Then she heard Muskett’s challenge and Henry’s invariable answer: ‘It’s me, you silly sod,’ and everything else went out of her head as she went downstairs to greet him so that he could carry her up again.
This time, as he prepared to go into the usual bedroom, she stopped him and said: ‘Next door.’
‘What’s wrong with this room?’
‘Benedick’s recovering,’ she told him, ‘I don’t want him to hear us.’ It was part of the truth, not all of it.
He shifted her over his shoulder. ‘As long as there’s a bed.’
The bed was the trouble; the milk-flowing, honeyed land it had become for both of them was Rupert’s bed. It made her feel guilty. With Rupert she’d tried, gratefully, to return his love-making because she owed him so much. She had promised fidelity to his memory. And now, here she was, foaming with a passion that came free and much less deserved for somebody else. The least she could do was choose another bed to foam in.
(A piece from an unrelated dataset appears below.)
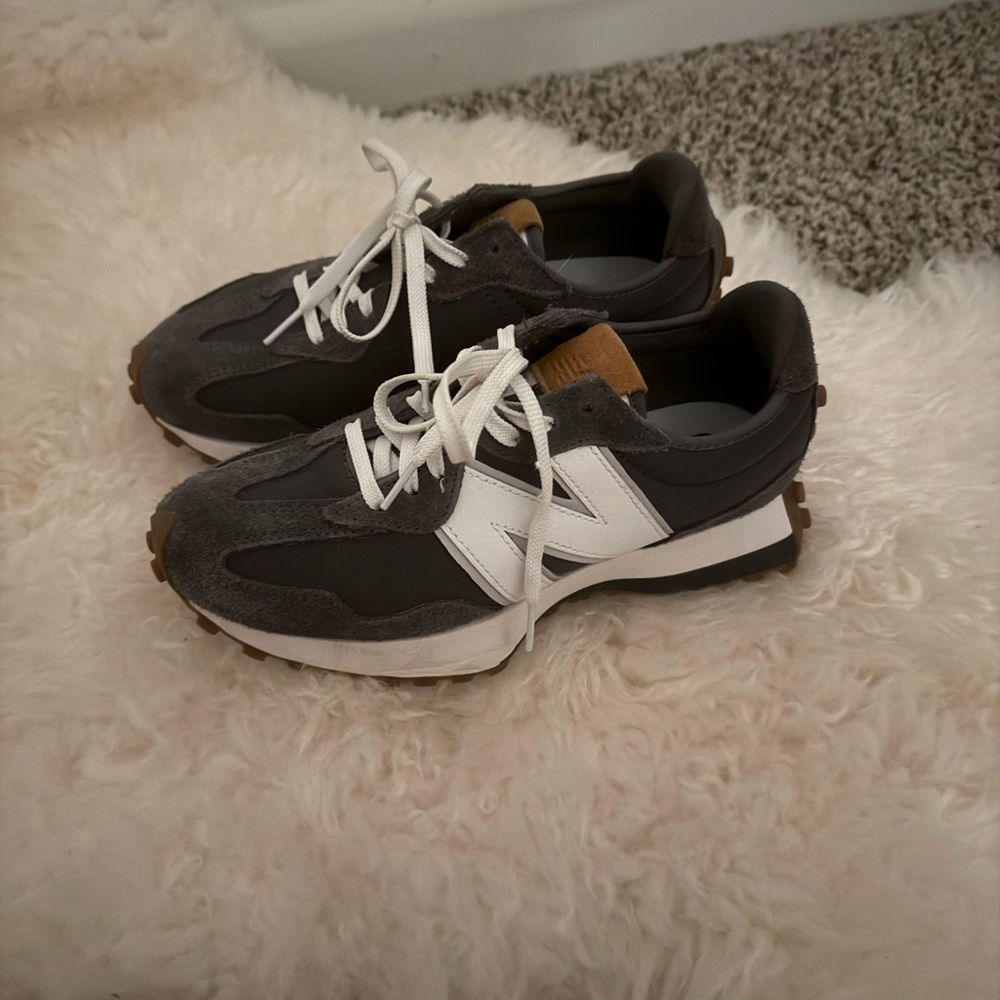 New Balance 327 Women’s Sneakers Size 7 Dark Blue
The bedroom next door was smaller and its bed meaner but, as he said, it didn’t matter.
Abruptly, he’d asked her once: ‘Did you get this much pleasure from Rupert?’ And then said: ‘I’m sorry.’ She knew he wanted her to say ‘No’. Yet it would have been shameful to tell him that she’d felt nothing when Rupert touched her but guilt and a hope it would soon be over. The least she could do for a man who’d given her all that Rupert had was to keep the secrets of his bed. We mistresses have our ethics.
Instead she told him Helen hadn’t known so much pleasure from Paris as Penitence did from Henry King, that she drained the world’s supply of pleasure every time he took her to bed. And that was true.
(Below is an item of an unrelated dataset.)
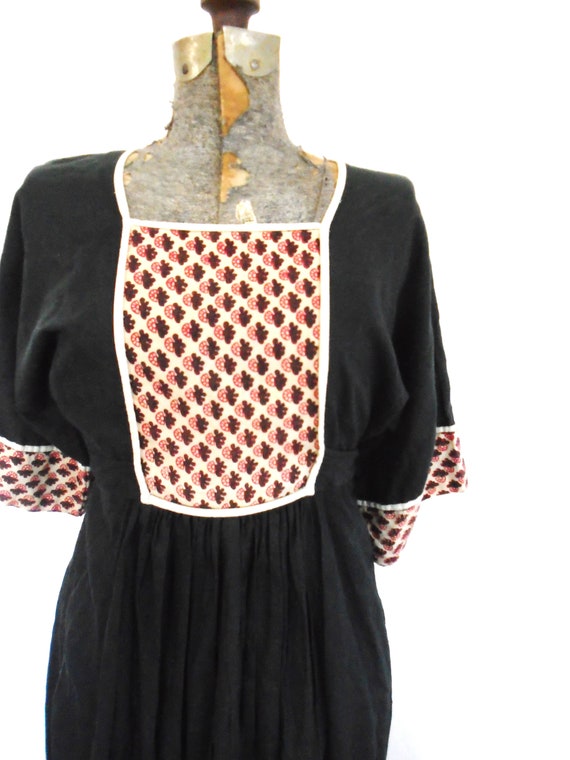 Vintage bohemian black and block print India Dress - image 3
She suspected such extravagance confirmed his suspicions even while it delighted him. It was the sort of wanton response men expected from whores. It couldn’t be helped. It didn’t matter any more. She’d lost her pride. He could take her on any terms. Just as long as he took her.
He did.
A long time later, when she was breathing normally again, she nudged him in the ribs. ‘Who’s the Portlannon girl?’
‘Who?’ He was drifting off to sleep.
‘The Portlannon girl. The one you’re courting.’
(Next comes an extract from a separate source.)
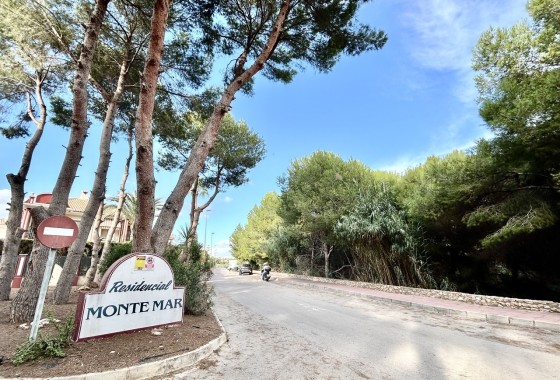 Resale - Townhouse -
Dehesa de Campoamor - Campoamor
‘Oh, her. Nice girl. Rich. Good family. Not a trace of stutter. I’m considering her as the next Viscountess of Severn and Thames.’ He yawned and looked at her from the corner of his eyes. ‘Jealous?’
‘No.’ And she wasn’t. No good being bitch in the manger.
‘I thought I ought to have… children before I’m too old.’
‘Of course.’ He meant to say ‘a son’. But she didn’t protest that he’d got one. Like everything else, whether or not he believed Benedick to be his had lost its importance. It was as if the two of them had stepped into a walled garden outside ordinary life, created from previously unknown textures, with its own weather, in which they were the only inhabitants.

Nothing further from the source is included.